Als weißer Seemann bin ich im Hafen von Monrovia regelmäßig ausgeraubt worden. Der Weiße hat mehr, holen wir es uns. Das ist Rassismus. Das Verantwortungsgefühl aus Illiberalen Gesellschaften gibt es nicht. Nun sind sie mal hier, aus diesen Gesellschaften. Auch die aus Monrovia. Für mich gibt es mehr bunten Rassismus gegen die eigene Gesellschaft, mitsamt den Handlangern aus den Gesellschaften der Potentaten der Welt.

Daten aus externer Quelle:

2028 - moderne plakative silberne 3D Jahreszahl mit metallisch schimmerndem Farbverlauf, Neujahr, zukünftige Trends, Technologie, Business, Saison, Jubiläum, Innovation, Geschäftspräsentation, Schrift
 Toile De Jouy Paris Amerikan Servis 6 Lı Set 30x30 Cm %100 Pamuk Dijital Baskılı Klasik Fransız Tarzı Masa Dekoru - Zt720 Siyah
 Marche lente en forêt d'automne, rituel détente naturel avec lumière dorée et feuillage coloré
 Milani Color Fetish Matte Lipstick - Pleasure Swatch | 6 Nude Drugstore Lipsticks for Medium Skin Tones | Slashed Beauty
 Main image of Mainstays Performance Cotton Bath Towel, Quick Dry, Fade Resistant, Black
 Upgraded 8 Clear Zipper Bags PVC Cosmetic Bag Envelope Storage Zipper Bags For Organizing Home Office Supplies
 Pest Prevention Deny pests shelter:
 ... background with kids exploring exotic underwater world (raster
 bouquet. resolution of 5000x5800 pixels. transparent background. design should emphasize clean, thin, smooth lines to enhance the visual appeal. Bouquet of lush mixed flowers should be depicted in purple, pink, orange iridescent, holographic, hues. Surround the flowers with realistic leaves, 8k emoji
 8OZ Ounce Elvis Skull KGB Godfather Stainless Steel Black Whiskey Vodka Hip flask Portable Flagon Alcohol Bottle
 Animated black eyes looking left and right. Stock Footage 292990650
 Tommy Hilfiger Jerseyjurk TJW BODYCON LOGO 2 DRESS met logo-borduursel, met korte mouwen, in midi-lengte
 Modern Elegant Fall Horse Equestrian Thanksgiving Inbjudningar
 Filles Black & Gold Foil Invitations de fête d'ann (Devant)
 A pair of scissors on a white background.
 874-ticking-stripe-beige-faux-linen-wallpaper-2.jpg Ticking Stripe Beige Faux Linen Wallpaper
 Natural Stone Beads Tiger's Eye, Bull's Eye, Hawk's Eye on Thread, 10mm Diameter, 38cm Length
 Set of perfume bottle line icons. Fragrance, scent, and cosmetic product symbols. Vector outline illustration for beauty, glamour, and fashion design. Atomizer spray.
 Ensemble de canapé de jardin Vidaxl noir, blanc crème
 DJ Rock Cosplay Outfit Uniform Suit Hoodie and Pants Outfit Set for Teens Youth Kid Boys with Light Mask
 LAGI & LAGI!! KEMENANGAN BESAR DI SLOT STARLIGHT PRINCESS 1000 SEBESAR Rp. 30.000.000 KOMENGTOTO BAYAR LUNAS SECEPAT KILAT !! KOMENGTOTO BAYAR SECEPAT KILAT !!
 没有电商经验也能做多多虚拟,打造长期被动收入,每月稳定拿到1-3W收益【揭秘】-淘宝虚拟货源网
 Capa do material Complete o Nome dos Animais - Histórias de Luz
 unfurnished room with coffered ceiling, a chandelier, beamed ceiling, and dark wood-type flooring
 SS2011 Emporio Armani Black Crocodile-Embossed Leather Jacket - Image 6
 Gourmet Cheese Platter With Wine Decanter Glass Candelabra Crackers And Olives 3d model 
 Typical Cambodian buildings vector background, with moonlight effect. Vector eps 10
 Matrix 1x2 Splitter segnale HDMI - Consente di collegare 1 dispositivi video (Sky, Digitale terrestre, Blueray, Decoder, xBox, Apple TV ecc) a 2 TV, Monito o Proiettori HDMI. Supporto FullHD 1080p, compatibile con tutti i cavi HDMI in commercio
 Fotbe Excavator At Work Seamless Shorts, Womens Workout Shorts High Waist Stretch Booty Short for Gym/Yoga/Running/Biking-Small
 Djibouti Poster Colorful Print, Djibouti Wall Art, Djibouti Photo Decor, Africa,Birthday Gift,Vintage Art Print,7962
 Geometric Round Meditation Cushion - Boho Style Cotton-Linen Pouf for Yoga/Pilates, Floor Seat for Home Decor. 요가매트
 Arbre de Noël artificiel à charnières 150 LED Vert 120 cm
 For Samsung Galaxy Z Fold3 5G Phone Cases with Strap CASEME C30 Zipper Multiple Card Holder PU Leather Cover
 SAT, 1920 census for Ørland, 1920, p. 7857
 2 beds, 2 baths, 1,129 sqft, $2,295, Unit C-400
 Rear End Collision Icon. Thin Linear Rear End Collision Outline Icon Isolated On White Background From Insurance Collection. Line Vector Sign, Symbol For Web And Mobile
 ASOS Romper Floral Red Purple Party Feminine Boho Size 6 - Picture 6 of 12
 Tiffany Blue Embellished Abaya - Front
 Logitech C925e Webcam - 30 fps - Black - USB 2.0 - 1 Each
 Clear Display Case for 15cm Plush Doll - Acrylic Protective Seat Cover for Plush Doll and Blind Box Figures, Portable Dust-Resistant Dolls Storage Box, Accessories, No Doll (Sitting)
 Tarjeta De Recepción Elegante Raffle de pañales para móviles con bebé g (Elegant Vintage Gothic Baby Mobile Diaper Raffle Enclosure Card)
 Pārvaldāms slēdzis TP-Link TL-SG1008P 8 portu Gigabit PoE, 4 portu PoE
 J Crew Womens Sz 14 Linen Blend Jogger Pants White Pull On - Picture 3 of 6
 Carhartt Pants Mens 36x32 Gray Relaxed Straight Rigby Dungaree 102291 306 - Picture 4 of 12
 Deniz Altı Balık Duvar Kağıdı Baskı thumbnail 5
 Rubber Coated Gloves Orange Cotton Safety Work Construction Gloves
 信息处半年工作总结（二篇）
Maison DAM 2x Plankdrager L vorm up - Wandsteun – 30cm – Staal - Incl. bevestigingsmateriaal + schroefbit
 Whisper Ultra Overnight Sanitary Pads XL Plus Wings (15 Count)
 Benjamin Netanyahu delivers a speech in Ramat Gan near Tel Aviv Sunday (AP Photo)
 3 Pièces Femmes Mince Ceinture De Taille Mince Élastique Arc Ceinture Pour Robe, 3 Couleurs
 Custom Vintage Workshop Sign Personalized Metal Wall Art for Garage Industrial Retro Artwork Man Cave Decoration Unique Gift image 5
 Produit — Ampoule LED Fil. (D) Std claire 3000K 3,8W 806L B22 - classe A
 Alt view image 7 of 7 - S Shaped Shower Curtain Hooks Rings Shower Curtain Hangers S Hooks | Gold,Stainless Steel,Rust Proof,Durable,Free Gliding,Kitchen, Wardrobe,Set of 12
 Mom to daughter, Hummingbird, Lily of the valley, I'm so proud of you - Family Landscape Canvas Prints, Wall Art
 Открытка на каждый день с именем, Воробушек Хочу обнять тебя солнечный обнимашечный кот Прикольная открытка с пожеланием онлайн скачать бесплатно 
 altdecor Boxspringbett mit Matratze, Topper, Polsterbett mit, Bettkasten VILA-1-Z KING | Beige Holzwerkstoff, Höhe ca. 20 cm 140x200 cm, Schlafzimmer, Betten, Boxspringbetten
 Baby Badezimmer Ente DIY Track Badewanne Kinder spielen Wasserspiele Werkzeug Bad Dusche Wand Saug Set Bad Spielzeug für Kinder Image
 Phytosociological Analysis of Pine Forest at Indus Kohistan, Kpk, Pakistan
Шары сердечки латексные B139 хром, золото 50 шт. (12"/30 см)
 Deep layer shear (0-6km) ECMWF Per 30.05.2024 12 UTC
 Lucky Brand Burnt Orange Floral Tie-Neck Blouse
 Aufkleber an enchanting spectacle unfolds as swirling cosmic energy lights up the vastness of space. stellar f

Karl Hans Bauer / 08.06.2020

Im Osten der USA, insbesondere im Südosten gibt es Bundesstaaten mit einem Anteil von Afro-Amerikanern, der über weit 40% liegt. Quelle: z.B. Wikipedia Man darf den hochstilisierten Fall Floyd nicht bagatellisieren, aber was ist denn, wenn Migranten mit dunkler Hautfarbe in Deutschland weisse Frauen töten? Warum spricht denn dann niemand von Rassismus? Oder passen diese Einzelfälle (!) nicht in den links-grünen Sermon?